2) The landscape risk is highest for “same compound, same indication class”
Because the dependent claims explicitly call out MM, lymphoma, MDS, and myeloproliferative disorders, the highest overlap is with:
- CRM1-pathway agents that target the same mechanistic axis, and
- clinical use in hematologic oncology where those indications are pursued.
3) Combination breadth expands potential design-arounds
The nonspecific “second therapeutic agent” language reduces the ability to avoid infringement by choosing a particular partner therapy. Unless a product can avoid meeting the method elements (e.g., not administering the structurally defined CRM1 compound, or disputing CRM1 association), it can still fall into the combination-dependent claims.
4) Oral dosing dependence creates second-layer exposure
If commercial strategy includes oral dosing, it activates dependent claims (5, 7, 9, 12, 15). A design-around could focus on route, but note: route does not appear in claim 1. Route alone may not eliminate exposure if claim 1 is asserted.
What are the enforceability “pressure points” based on the claim wording?
Pressure point A: “CRM1 activity” and “associated with”
The independent claim uses a functional/association phrase. In enforcement, parties often contest whether:
- the disorder is truly “associated” with CRM1 activity for the patient,
- the administered therapy is actually used to treat a disorder “associated with CRM1 activity,” and
- the therapeutic effect is tied to CRM1 activity rather than unrelated targets.
Because dependent claims list hematologic malignancies, enforcement arguments usually rely on the patent’s disclosure that those indications align with CRM1 biology.
Pressure point B: the “structural formula” identification
The structural formula is the single most specific limitation in claim 1. In litigation, this typically becomes a claim construction and equivalence issue:
- exact structural match versus design-around,
- stereochemistry and substitution pattern, if specified in the full document.
The prompt does not include the formula, so the only firm statement is that the structural formula is the defining element.
Pressure point C: “therapeutically effective amount”

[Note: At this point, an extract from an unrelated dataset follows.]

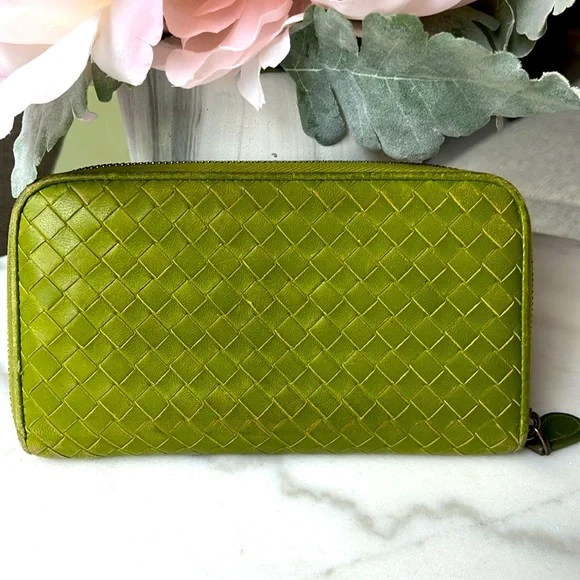 💚💛 Bottega Veneta Wallet - Picture 2 of 9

This is standard. Disputes usually focus on dose range, intended use, and whether the regimen is actually therapeutic for the claimed disorder.
Key Takeaways
- US 12,291,508 claim 1 covers a method of treating any disorder “associated with CRM1 activity” by administering a therapeutically effective amount of a pharmaceutical composition containing a structurally defined CRM1-compound and a pharmaceutically acceptable carrier.
- Dependent claims explicitly cover multiple myeloma (2), lymphoma (3), myelodysplastic syndrome (10), and myeloproliferative disorder (13).

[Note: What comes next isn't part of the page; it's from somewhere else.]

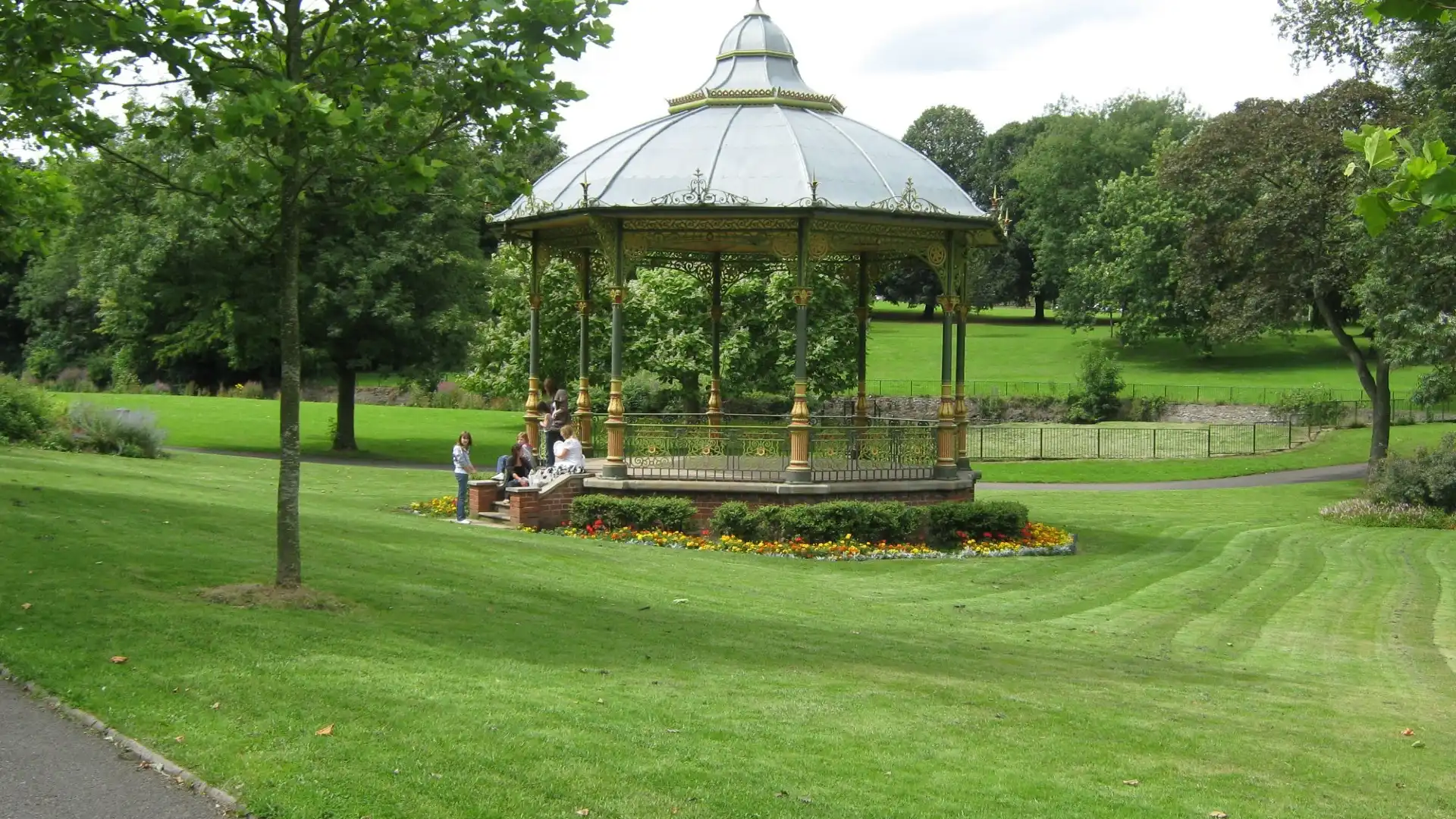 Hotels near Handsworth Park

- Combination therapy is broadly covered in dependent claims (4, 6, 8, 11, 14) via “a second therapeutic agent” with no identity limitation.
- Oral administration is separately covered (5, 7, 9, 12, 15), creating additional infringement hooks for oral formulations.
- The highest overlap in the patent landscape is with products that use the same structurally defined compound and treat hematologic malignancies where CRM1 activity is implicated, especially in oral combination regimens.
FAQs
1) Does claim 1 require the disorder to be one of the listed cancers?
No. Claim 1 uses “a disorder associated with CRM1 activity.” The listed cancers appear only in dependent claims.
2) Does the patent require oral dosing to be infringed?
No. Oral dosing appears only in dependent claims (5, 7, 9, 12, 15). Claim 1 has no route limitation.
3) Are combination therapies limited to specific second drugs?
No. Dependent claim 4 and its downstream dependents cover “a second therapeutic agent” without naming it.
4) What element is most likely to be targeted in a design-around?
The structurally defined compound of the following structural formula in claim 1.
5) What disease areas are explicitly protected by the dependent claims?
Multiple myeloma, lymphoma, myelodysplastic syndrome, and myeloproliferative disorders.
References
- United States Patent US 12,291,508 (claims as provided in the prompt).